Post-Snowden
We definitely live in a different world since Snowden leaks, but for some people nothing has changed. We always knew that certain individuals are targeted by local or international law enforcement agencies. In some cases they even have a legal way of doing this. If you work on certain fields or operate as an activist in political issues, you always assumed or knew that your communications are monitored. We may have better knowledge on the way the do it, or which things they have broken and which not yet. But essentially nothing is new about this on the post-Snowden world.
What Snowden leaks actually changed, what we learned from the documents, is that there is a vast ongoing process of massive passive surveillance and data collection. It doesn't matter if you are considered important. It doesn't matter if you have something to hide or not. All of your communications are monitored, stored and analyzed. This is what changed. This is what we learned.
Let me pause my thoughts for a moment and share a controversial story...
Mobile email encryption
Would you store your private PGP key to your mobile smartphone? Many (most?) hackers/geeks would easily answer in a negative way. Mobile phones have two major security implications that our laptops (usually) don't.
-
Physical security. It's more easy to lose your phone, or for someone to steal it. It's a comparatively smaller device, usually carried away in your pocket. And once you lose it, all keys stored there should be considered compromised (which is a big problem on its own, since PGP doesn't offer Forward Secrecy).
-
More than one operating system. Even if you have taken all measures to secure your operating system, the problem is that your phone runs also a second operating system. The "radio" OS running on your baseband chip. It's a complete proprietary black box, that you don't know what it does. You don't even know if it's isolated from your "smart" operating system.
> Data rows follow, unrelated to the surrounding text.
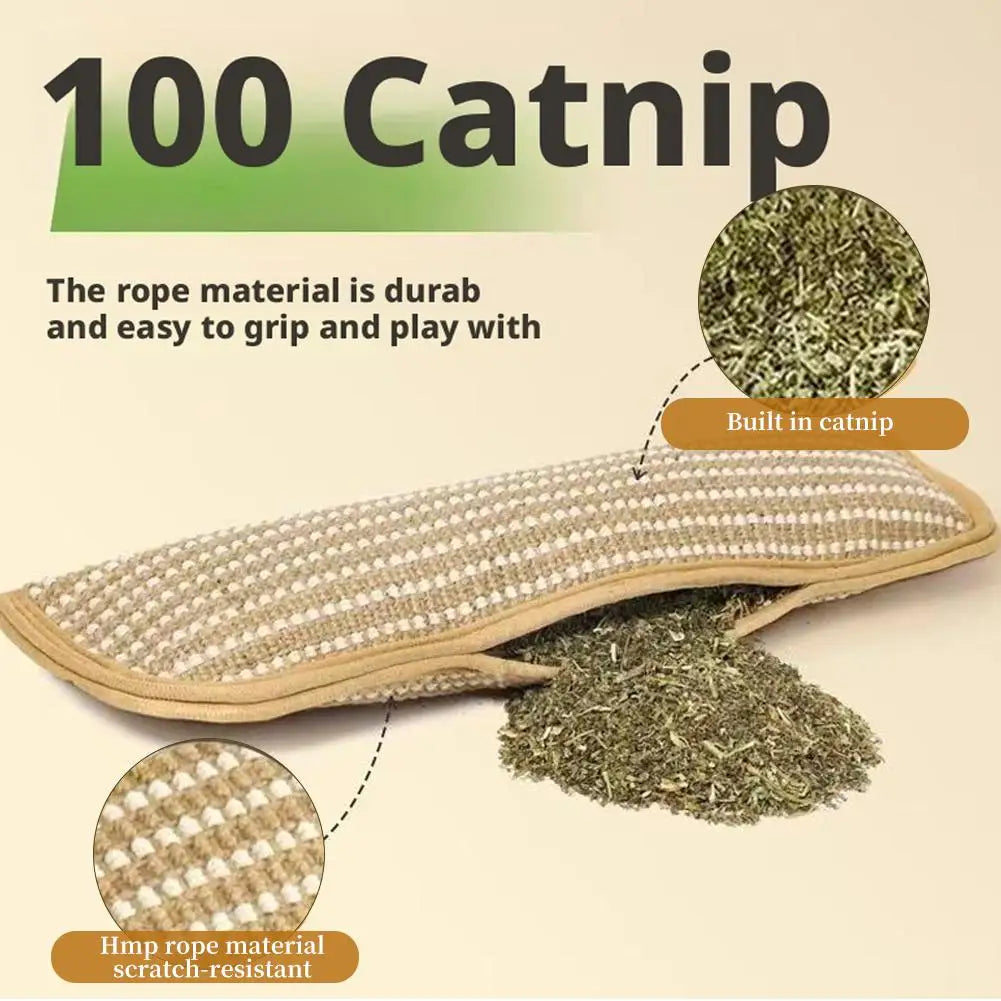 Catnip Pillow Cat Toy – Bite-Resistant Cotton Kicker Cat Catnip Toy PLUSH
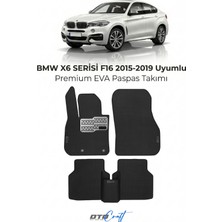 Otocraft Bmw X6 Serisi F16 (2015-2019) Araca Özel 3D Havuzlu Eva Oto Paspas Full Set 5 Parça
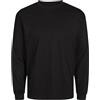 Jack & Jones Jjeurban Edge Tee LS O-Neck Noos Maglietta a Maniche Lunghe da Uomo, Nero, XL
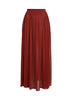Sheer mesh maxi skirt with shorts lining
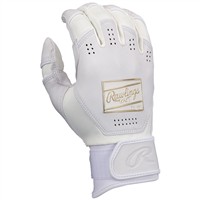 Rawlings Adult Icon Batting Gloves, White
On a side note, mobile operating systems have a security advantage that almost all modern desktop operating systems (even most major linux distributions) lack. All applications are sandboxed. So even if you are running a malicious application (you know, like Angry Birds) it may do various unwanted things regarding your personal mobile usage (eg. track location) but it can't easily steal your PGP private key stored inside OpenKeyChain's isolated storage. Not many desktop operating systems can protect you from a malicious application getting access to your .gnupg
or .ssh
folder.
So, although these two points are completely valid and indeed mobile smartphones are less secure, we have to realize that this is where most users read their emails. In many cases, a mobile phone is the only device people read their emails. Many people have come to cryptoparties, and after getting in touch with the complete lack of usability that comes with the standard pgp gui stack (Thunderbird + Enigmail), they ask how the can do the same things on their mobile. Most hackers would react (or even deny to help) exactly because of the reasons mentioned above. Let me clear up the dilemma a bit: Most people have two options to choose. Either use email encryption on their mobile phone or don't use encryption at all. And unfortunately most hackers fail to see that for most people the threat model is passive surveillance.
Threat Model
Not all people are trying to protect from the same things or the same type of adversaries. Not all people have the same Threat Model.
I was very pleased to see Werner Koch presenting at 32c3 this year about the current status of GnuPG, where he mentioned that the focus from now on is the passive surveillance threat model. Building tools that focus on the passive surveillance threat model, means that usability and encryption by default is top priority.
I have participated and co-organized many Cryptoparties, Free Software Meetups, and related crypto/privacy events/workshops. And I believe that the passive surveillance threat model should also be our focus. Yes, sometimes we need to quickly determine if a person has a different threat model (eg. journalists), but most people participating in these kind of events are not targets (at least not NSA targets). We know that they collect everything, we know that they love pgp because it's rarely used and stands out. Let's make their job more difficult. Encrypt all things by default. Let's start from fighting against massive passive surveillance.